Schrobenhausen
Spuren eines Friedhofs

01.01.2009 | Stand 03.12.2020, 4:22 Uhr

Schrobenhausen (SZ) Kurz nachdem die damalige bayerische Regierung die Verordnung erlassen hatte, wurde ihr Inhalt allen ansiedlungswilligen Personen bekannt gemacht. Das beschleunigte den Ansiedlungsprozess ungemein. Der einzige Haken bestand darin, dass sich die einwanderungswilligen Familien den Platz ihrer Ansiedlung nicht selbst aussuchen konnten. Sie wurden auf die zu kolonisierenden Flächen ihrer früheren Heimat verteilt.

Das Anderssein der Mitglieder dieser Glaubensrichtung führte damals zu Konflikten mit den großen Konfessionen. Zum Beispiel gab es Ärger mit staatlichen Stellen, vor allem hinsichtlich jener kirchlichen Belange, die durch staatliche Gesetze geregelt waren. Obendrein bereitete beiden Seiten die Schulpflicht Probleme. Die Mennoniten wollten ihre Kinder in ihrem Sinn erzogen wissen. Das machte die Sozialisation im staatlichen und kirchlichen Sinne der damaligen Zeit schwierig.

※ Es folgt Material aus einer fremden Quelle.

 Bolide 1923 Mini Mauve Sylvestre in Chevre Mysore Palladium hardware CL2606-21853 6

Die übliche Kleinkindtaufe kam für Mennoniten nicht in Frage, nur Erwachsene wurden getauft. Starb ein Kleinkind, wurde ihm aus diesem Grund das Begräbnis auf einem christlichen Friedhof verwehrt. Traditionell bestatteten die Mennoniten ferner ihre Toten gerne auf dem eigenen Hof. Deshalb existieren nur wenige mennonitische Friedhöfe. Dessen ungeachtet ist neben dem Forsthof bei Bergen im Wald auch heute noch eine dieser seltenen Grabstätten als Eckfläche einer Wegkreuzung zu finden.

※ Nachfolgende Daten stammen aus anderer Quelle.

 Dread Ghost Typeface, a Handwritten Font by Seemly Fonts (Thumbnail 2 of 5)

Die Spuren des eigentlichen Friedhofes sind leider mittlerweile derart verwischt, dass er ohne Kenntnis der Örtlichkeit nicht mehr als solcher erkannt werden kann. Ab 1813 hatte es hier aber gleichwohl Beerdigungen gegeben, wie der Regensburger Hermann Hage herausgefunden hat, der 2009 eine Dissertation zu den Mennoniten verfasst hat. Die Gedenkschrift auf einem Grabstein: "Ruhestätte der Familie Oesch, Besitzer des Forsthofes 1827 – 1889" beweist das.

Die Mobilität der Mennoniten war sogar innerhalb ihrer eigenen Gemeinden immens. Dafür gibt es mehrere Gründe: zum einen die mangelnde religiöse Anbindung an die übrige Bevölkerung, zum anderen die Suche nach besseren wirtschaftlichen Möglichkeiten. Denn genau deshalb waren die Mennoniten ja einst nach Bayern gezogen.

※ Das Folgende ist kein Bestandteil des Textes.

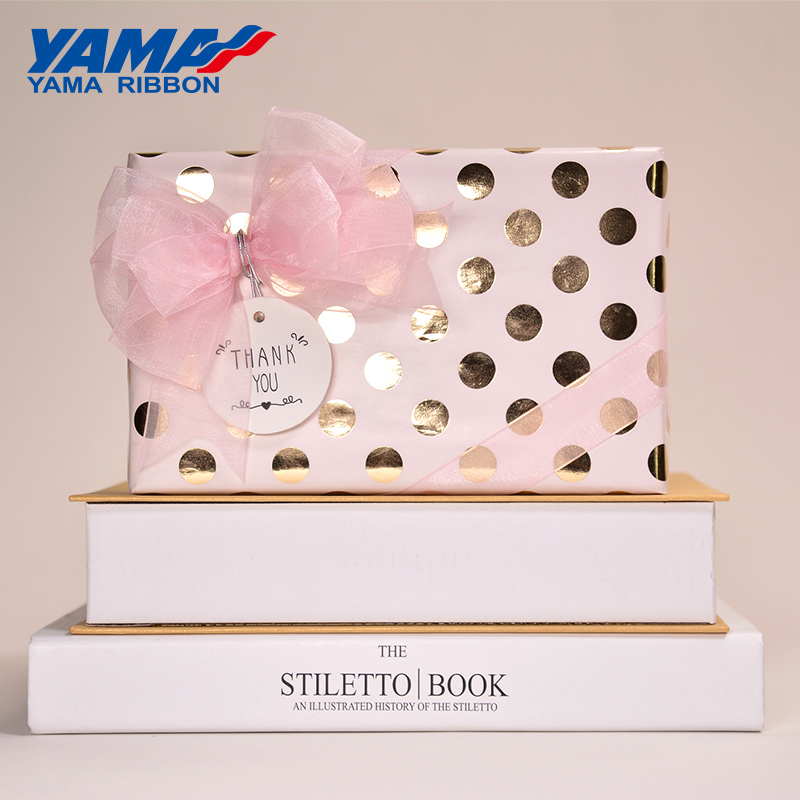 YAMA Sheer Organza Silk Ribbon - Ribbon Organza Roll ulasan dan harga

Ende des 19. Jahrhunderts schienen die USA und Kanada genau diese gesuchten Grundlagen zu bieten. Die Mennoniten orientierten sich dementsprechend zunehmend Richtung Übersee.

Doch die deutschen Behörden waren den Auswanderungsgesuchen von Mennoniten nicht gerade wohlgesonnen. Folgendes Beispiel von Hermann Hage macht das deutlich: Im Jahre 1851 beabsichtigten die Familien Gascho, Ingold, Pechler und Schanz aus Probfeld/Karlskron nach Kanada zu emigrieren. Die Familie hielt ihre Reisepässe bereits in Händen, als sie die Dokumente wieder zurückgeben musste.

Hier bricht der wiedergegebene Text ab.